## What is needed
Reproduce exactly the lines from the one containing "13.98:1. Hydraulic s..." through the last line of the records below, both included. Leave out any pictures.

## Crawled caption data
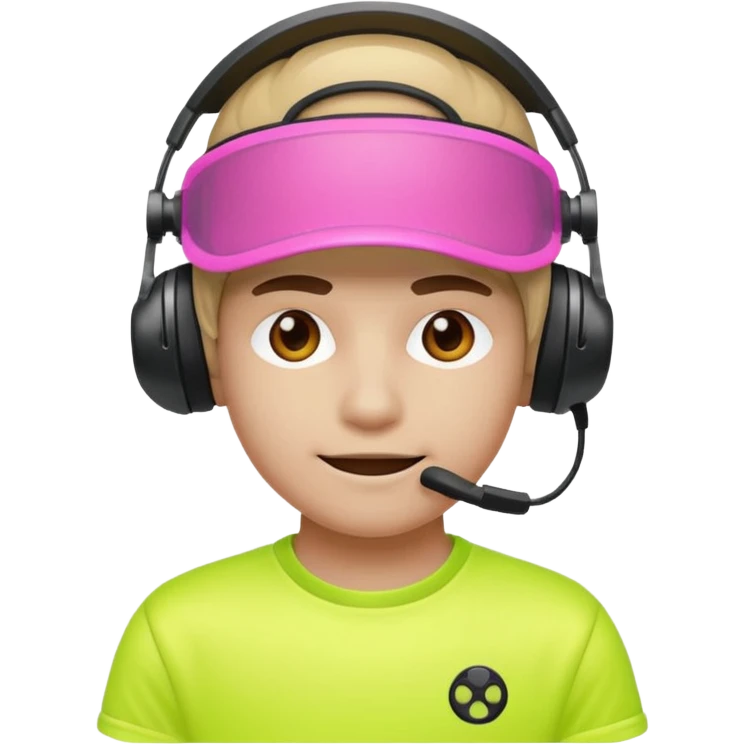 Neon Visor Gamer emoji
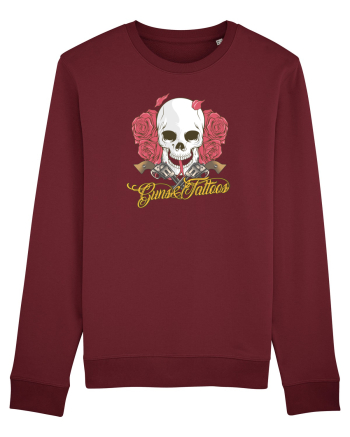 Guns & Tattoos Burgundy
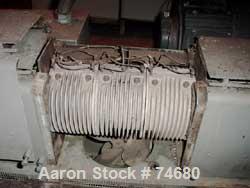 USED: GEC 98" blown film line consisting of: 3.5" GEC extruder, model#233, S/N 233-27331-01, 24:1 L/D, manufactured 1982. Air cooled.100 hp motor Safetronics drive, gearbox ratio 13.98:1. Hydraulic s...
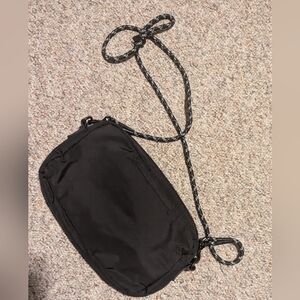Black Nylon Crossbody Bag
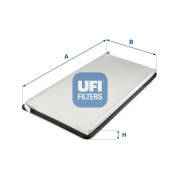 53.319.00 Filtr, vzduch v interiéru UFI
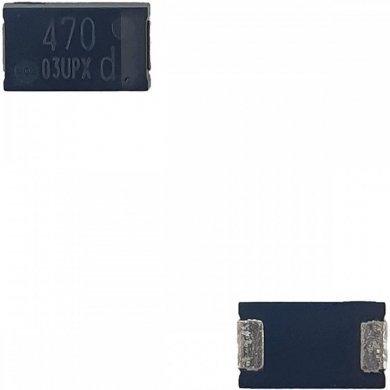 EEF-SX0D471E4-KIT10 Capacitor polimero alumínio 470uF 2V SMD (Kit 10x)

## Problem solution
 USED: GEC 98" blown film line consisting of: 3.5" GEC extruder, model#233, S/N 233-27331-01, 24:1 L/D, manufactured 1982. Air cooled.100 hp motor Safetronics drive, gearbox ratio 13.98:1. Hydraulic s...
Black Nylon Crossbody Bag
 53.319.00 Filtr, vzduch v interiéru UFI
 EEF-SX0D471E4-KIT10 Capacitor polimero alumínio 470uF 2V SMD (Kit 10x)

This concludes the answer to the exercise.